PITTSBURGH — Joe Biden stepped on his claim of being the guy who has the blue-collar worker’s back Sunday night when he pledged that his energy policy will include “no new fracking.”
That promise won’t help him win back the blue-collar workers that fled Biden’s party in 2016 to either support President Trump or just stay home. That’s especially true in western Pennsylvania and in the former vice president’s hometown of Scranton, where the natural gas industry has revitalized and created economic opportunity in both regions after decades mired in collapse.
Jeff Brauer, a political science professor at Keystone State College, located just outside of Scranton, said: “In that debate, Biden seemed to go further left in abortion rights, free higher education, and most importantly in energy production, fracking. His declaration of ‘no new fracking’ was clearly an attempt to appease Sanders and even Elizabeth Warren supporters.”

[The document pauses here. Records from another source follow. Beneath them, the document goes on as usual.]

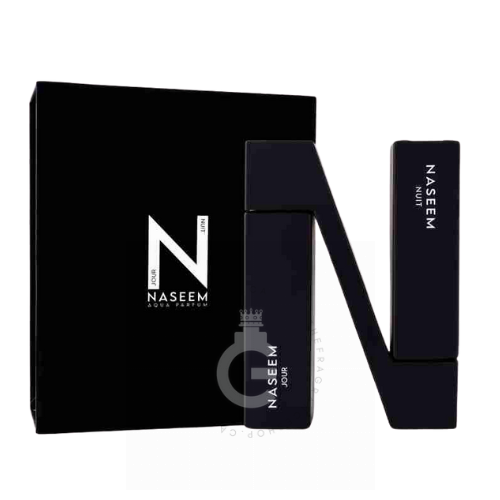 Naseem Nuit & Jour Aqua Parfum For Him / Her 60ml 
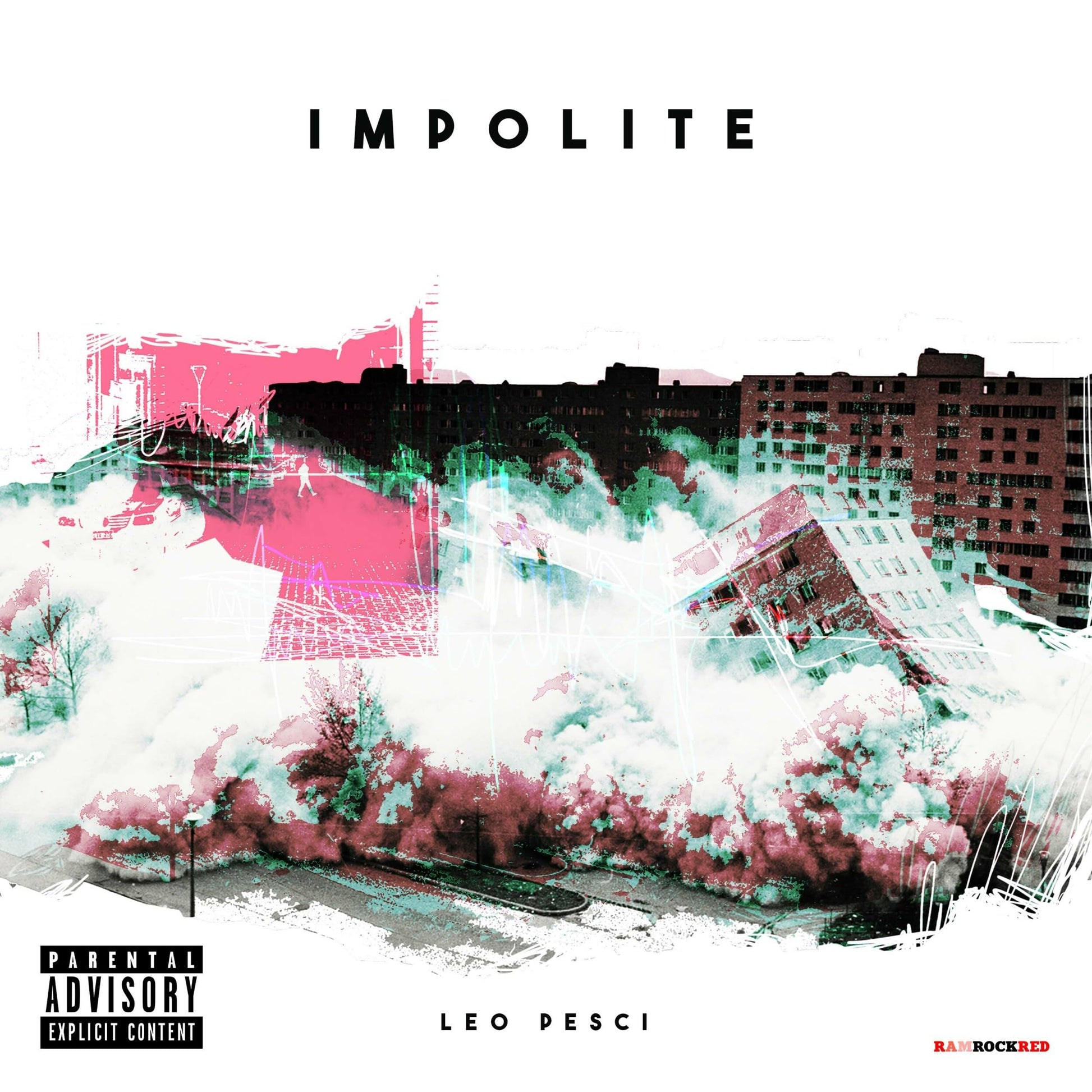Leo Pesci - Impolite (Uk) [LP] Vinyl Record Album Cover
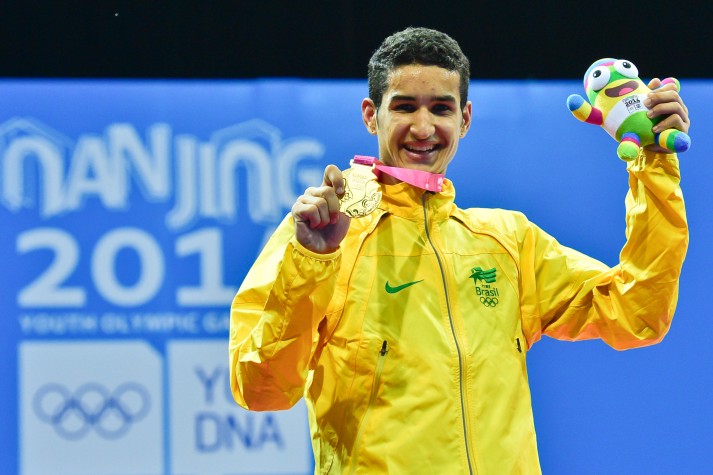 Edival Marques fatura medalha de ouro nos Jogos Olímpicos da Juventude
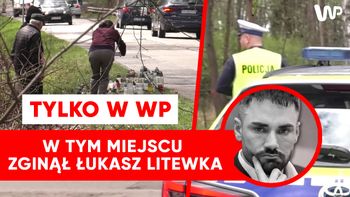 W tym miejscu zginął Litewka. Poruszeni mieszkańcy nie kryją emocji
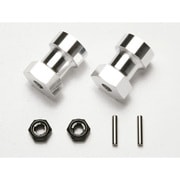 53913 OP.913 マイティフロッグアルミ・ホイールアダプタ [ラジコン用部品]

After the debate, Biden’s campaign claimed he was just restating his former stance of a ban on new oil and gas drilling on federal lands. “However,” Brauer said, “his mixed messages aren’t going to play well in all-important Rust Belt states, such as Pennsylvania, where hundreds of thousands of jobs depend on the natural gas industry and polls indicate just a little over 40% of Pennsylvania swing voters think a ban on fracking is a good idea.” Brauer cited a recent Morning Call/Muhlenberg College poll, which found 42% of Pennsylvanians oppose a ban on fracking.
The statewide poll also showed that half of respondents said the industry has been “a major boost” to Pennsylvania’s economy.

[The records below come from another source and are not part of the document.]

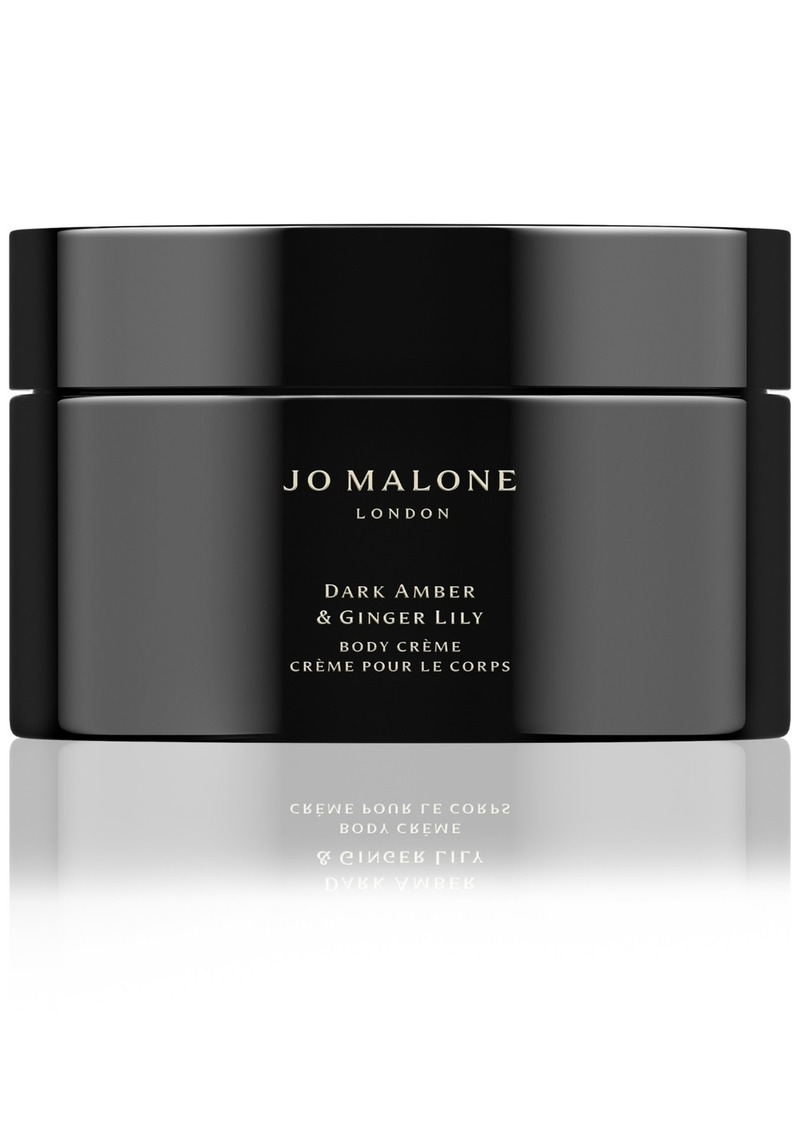 Jo Malone London Dark Amber & Ginger Lily Body Creme, 6.7 oz.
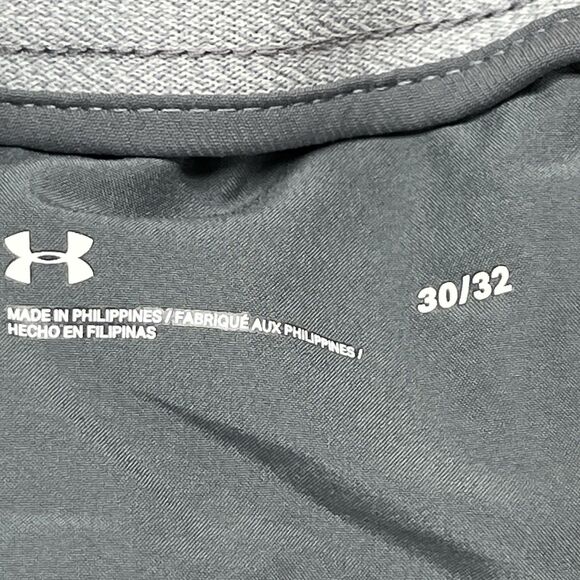 Under Armour 1342264 012 UA Match Play Taper Golf Pants Gray - 30x32 - Picture 7 of 8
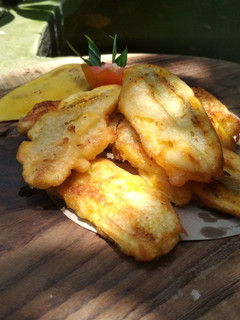 Foto resep Pisang geprek goreng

“Such a clear sound bite from Biden could come back to haunt him in the general election,” said Brauer, adding it was reminiscent of George H.W. Bush’s 1988 “read my lips” pledge, which came back to bite him in his unsuccessful 1992 reelection campaign.
Jeff Nobers, executive director of the Builders Guild of Western Pennsylvania, estimates there are 30,000 people in the region directly employed by the shale industry “and at least 75,000 more jobs downstream. There is no other way to say this other than this industry is [a] major economic driver in our state.”
Nobers said the Builders Guild covers the 33 counties of western Pennsylvania. “Between the trade unions and the contractors, you’re in the neighborhood of 60,000 people that are either members of unions or they work for contractors or in their offices and so forth,” he said of his organization.
In a state where Hillary Clinton lost by 40,000 votes, Joe Biden has little wiggle room to create uncertainty among workers, family members, and whole communities whose lives and livelihoods have prospered thanks to the fracking industry.
And everyone who works in and around fracking in this state knows that because the fracking process takes, on average, just a couple of days, when politicians say they oppose new fracking, it is no different than saying you oppose all fracking.
“Those kind of statements are concerning. To just say you’re going to stop a significant portion of the energy doesn’t seem to make a lot of sense, nor does it sound economically feasible,” said Nobers.
He also does not understand why Biden would want to possibly alienate voters of all stripes. “Not just the Democratic Party but the Republican Party and independents,” said Nobers.
Nobers adds these are not just blue-collar jobs, “These are chemists, geologists, people in computer science and technology, as well as electrical, environmental, and chemical engineers, accountants, human resources, and so forth.”
“You also have the security guy at the front desk. It’s not just the people that work right out there in the field. It’s tens of thousands of people in the industry, quite frankly. From the fella working on the pipeline all the way up to the CEO,” he said.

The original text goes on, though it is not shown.